**Data extracts:**

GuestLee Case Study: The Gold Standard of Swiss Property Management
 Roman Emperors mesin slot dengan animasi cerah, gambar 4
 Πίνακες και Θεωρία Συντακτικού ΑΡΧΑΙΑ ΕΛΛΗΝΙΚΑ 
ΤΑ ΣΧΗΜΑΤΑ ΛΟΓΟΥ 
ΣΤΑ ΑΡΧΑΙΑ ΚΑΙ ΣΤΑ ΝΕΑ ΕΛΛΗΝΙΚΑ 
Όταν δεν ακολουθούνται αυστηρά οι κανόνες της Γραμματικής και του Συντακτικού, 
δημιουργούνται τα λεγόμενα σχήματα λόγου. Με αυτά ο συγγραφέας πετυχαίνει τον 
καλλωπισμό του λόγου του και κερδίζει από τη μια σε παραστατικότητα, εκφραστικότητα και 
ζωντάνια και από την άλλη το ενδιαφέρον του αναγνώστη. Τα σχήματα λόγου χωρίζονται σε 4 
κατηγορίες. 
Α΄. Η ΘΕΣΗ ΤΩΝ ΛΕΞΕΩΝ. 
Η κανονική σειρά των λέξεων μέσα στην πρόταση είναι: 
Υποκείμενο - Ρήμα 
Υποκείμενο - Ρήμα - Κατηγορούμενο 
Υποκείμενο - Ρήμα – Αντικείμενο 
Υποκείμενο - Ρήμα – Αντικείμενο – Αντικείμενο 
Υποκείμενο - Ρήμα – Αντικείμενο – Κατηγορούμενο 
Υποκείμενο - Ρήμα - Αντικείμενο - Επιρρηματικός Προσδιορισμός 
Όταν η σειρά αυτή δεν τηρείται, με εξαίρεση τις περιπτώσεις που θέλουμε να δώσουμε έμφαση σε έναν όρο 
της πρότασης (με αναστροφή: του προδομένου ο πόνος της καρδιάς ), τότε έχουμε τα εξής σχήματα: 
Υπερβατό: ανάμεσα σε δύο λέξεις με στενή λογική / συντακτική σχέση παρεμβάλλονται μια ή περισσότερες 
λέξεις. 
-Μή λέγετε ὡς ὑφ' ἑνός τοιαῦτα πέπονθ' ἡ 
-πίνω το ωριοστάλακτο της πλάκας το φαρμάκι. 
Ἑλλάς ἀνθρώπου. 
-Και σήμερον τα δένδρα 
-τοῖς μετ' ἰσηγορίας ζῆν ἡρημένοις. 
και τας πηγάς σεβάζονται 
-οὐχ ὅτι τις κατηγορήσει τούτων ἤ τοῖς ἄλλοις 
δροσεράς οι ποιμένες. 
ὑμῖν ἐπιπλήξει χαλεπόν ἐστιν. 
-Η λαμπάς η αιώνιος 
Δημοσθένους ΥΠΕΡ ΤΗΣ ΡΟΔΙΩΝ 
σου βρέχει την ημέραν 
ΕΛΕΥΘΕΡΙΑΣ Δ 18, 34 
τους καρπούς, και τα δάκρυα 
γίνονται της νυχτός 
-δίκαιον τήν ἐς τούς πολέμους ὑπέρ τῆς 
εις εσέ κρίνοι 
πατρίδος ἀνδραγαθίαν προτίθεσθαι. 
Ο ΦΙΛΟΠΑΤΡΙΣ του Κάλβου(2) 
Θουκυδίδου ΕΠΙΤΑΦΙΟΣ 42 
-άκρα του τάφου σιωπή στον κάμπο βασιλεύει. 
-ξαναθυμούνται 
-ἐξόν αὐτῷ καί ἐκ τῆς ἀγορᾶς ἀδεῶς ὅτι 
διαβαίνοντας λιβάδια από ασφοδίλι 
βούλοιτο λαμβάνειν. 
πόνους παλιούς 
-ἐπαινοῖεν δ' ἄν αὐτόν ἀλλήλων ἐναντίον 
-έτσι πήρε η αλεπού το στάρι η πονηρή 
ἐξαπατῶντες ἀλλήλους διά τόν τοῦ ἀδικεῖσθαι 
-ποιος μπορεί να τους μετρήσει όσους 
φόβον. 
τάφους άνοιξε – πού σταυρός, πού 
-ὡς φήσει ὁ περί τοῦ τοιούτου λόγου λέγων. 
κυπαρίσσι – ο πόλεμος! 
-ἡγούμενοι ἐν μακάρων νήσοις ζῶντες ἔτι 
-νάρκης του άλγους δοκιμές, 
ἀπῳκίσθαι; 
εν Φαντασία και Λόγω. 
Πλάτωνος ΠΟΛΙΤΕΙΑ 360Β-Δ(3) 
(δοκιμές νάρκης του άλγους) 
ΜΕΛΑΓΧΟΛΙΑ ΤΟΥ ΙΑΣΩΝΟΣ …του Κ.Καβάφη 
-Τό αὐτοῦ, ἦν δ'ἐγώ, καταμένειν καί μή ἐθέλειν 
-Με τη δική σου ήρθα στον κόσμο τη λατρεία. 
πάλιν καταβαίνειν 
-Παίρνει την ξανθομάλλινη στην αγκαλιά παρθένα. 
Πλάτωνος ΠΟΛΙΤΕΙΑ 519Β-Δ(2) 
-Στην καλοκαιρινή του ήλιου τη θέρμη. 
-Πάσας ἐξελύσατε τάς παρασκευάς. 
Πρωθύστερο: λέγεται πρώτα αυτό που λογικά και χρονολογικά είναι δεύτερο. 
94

**What you have to do:** Please output the full listing, keeping every character the same.

**Answer box:**
GuestLee Case Study: The Gold Standard of Swiss Property Management
 Roman Emperors mesin slot dengan animasi cerah, gambar 4
 Πίνακες και Θεωρία Συντακτικού ΑΡΧΑΙΑ ΕΛΛΗΝΙΚΑ 
ΤΑ ΣΧΗΜΑΤΑ ΛΟΓΟΥ 
ΣΤΑ ΑΡΧΑΙΑ ΚΑΙ ΣΤΑ ΝΕΑ ΕΛΛΗΝΙΚΑ 
Όταν δεν ακολουθούνται αυστηρά οι κανόνες της Γραμματικής και του Συντακτικού, 
δημιουργούνται τα λεγόμενα σχήματα λόγου. Με αυτά ο συγγραφέας πετυχαίνει τον 
καλλωπισμό του λόγου του και κερδίζει από τη μια σε παραστατικότητα, εκφραστικότητα και 
ζωντάνια και από την άλλη το ενδιαφέρον του αναγνώστη. Τα σχήματα λόγου χωρίζονται σε 4 
κατηγορίες. 
Α΄. Η ΘΕΣΗ ΤΩΝ ΛΕΞΕΩΝ. 
Η κανονική σειρά των λέξεων μέσα στην πρόταση είναι: 
Υποκείμενο - Ρήμα 
Υποκείμενο - Ρήμα - Κατηγορούμενο 
Υποκείμενο - Ρήμα – Αντικείμενο 
Υποκείμενο - Ρήμα – Αντικείμενο – Αντικείμενο 
Υποκείμενο - Ρήμα – Αντικείμενο – Κατηγορούμενο 
Υποκείμενο - Ρήμα - Αντικείμενο - Επιρρηματικός Προσδιορισμός 
Όταν η σειρά αυτή δεν τηρείται, με εξαίρεση τις περιπτώσεις που θέλουμε να δώσουμε έμφαση σε έναν όρο 
της πρότασης (με αναστροφή: του προδομένου ο πόνος της καρδιάς ), τότε έχουμε τα εξής σχήματα: 
Υπερβατό: ανάμεσα σε δύο λέξεις με στενή λογική / συντακτική σχέση παρεμβάλλονται μια ή περισσότερες 
λέξεις. 
-Μή λέγετε ὡς ὑφ' ἑνός τοιαῦτα πέπονθ' ἡ 
-πίνω το ωριοστάλακτο της πλάκας το φαρμάκι. 
Ἑλλάς ἀνθρώπου. 
-Και σήμερον τα δένδρα 
-τοῖς μετ' ἰσηγορίας ζῆν ἡρημένοις. 
και τας πηγάς σεβάζονται 
-οὐχ ὅτι τις κατηγορήσει τούτων ἤ τοῖς ἄλλοις 
δροσεράς οι ποιμένες. 
ὑμῖν ἐπιπλήξει χαλεπόν ἐστιν. 
-Η λαμπάς η αιώνιος 
Δημοσθένους ΥΠΕΡ ΤΗΣ ΡΟΔΙΩΝ 
σου βρέχει την ημέραν 
ΕΛΕΥΘΕΡΙΑΣ Δ 18, 34 
τους καρπούς, και τα δάκρυα 
γίνονται της νυχτός 
-δίκαιον τήν ἐς τούς πολέμους ὑπέρ τῆς 
εις εσέ κρίνοι 
πατρίδος ἀνδραγαθίαν προτίθεσθαι. 
Ο ΦΙΛΟΠΑΤΡΙΣ του Κάλβου(2) 
Θουκυδίδου ΕΠΙΤΑΦΙΟΣ 42 
-άκρα του τάφου σιωπή στον κάμπο βασιλεύει. 
-ξαναθυμούνται 
-ἐξόν αὐτῷ καί ἐκ τῆς ἀγορᾶς ἀδεῶς ὅτι 
διαβαίνοντας λιβάδια από ασφοδίλι 
βούλοιτο λαμβάνειν. 
πόνους παλιούς 
-ἐπαινοῖεν δ' ἄν αὐτόν ἀλλήλων ἐναντίον 
-έτσι πήρε η αλεπού το στάρι η πονηρή 
ἐξαπατῶντες ἀλλήλους διά τόν τοῦ ἀδικεῖσθαι 
-ποιος μπορεί να τους μετρήσει όσους 
φόβον. 
τάφους άνοιξε – πού σταυρός, πού 
-ὡς φήσει ὁ περί τοῦ τοιούτου λόγου λέγων. 
κυπαρίσσι – ο πόλεμος! 
-ἡγούμενοι ἐν μακάρων νήσοις ζῶντες ἔτι 
-νάρκης του άλγους δοκιμές, 
ἀπῳκίσθαι; 
εν Φαντασία και Λόγω. 
Πλάτωνος ΠΟΛΙΤΕΙΑ 360Β-Δ(3) 
(δοκιμές νάρκης του άλγους) 
ΜΕΛΑΓΧΟΛΙΑ ΤΟΥ ΙΑΣΩΝΟΣ …του Κ.Καβάφη 
-Τό αὐτοῦ, ἦν δ'ἐγώ, καταμένειν καί μή ἐθέλειν 
-Με τη δική σου ήρθα στον κόσμο τη λατρεία. 
πάλιν καταβαίνειν 
-Παίρνει την ξανθομάλλινη στην αγκαλιά παρθένα. 
Πλάτωνος ΠΟΛΙΤΕΙΑ 519Β-Δ(2) 
-Στην καλοκαιρινή του ήλιου τη θέρμη. 
-Πάσας ἐξελύσατε τάς παρασκευάς. 
Πρωθύστερο: λέγεται πρώτα αυτό που λογικά και χρονολογικά είναι δεύτερο. 
94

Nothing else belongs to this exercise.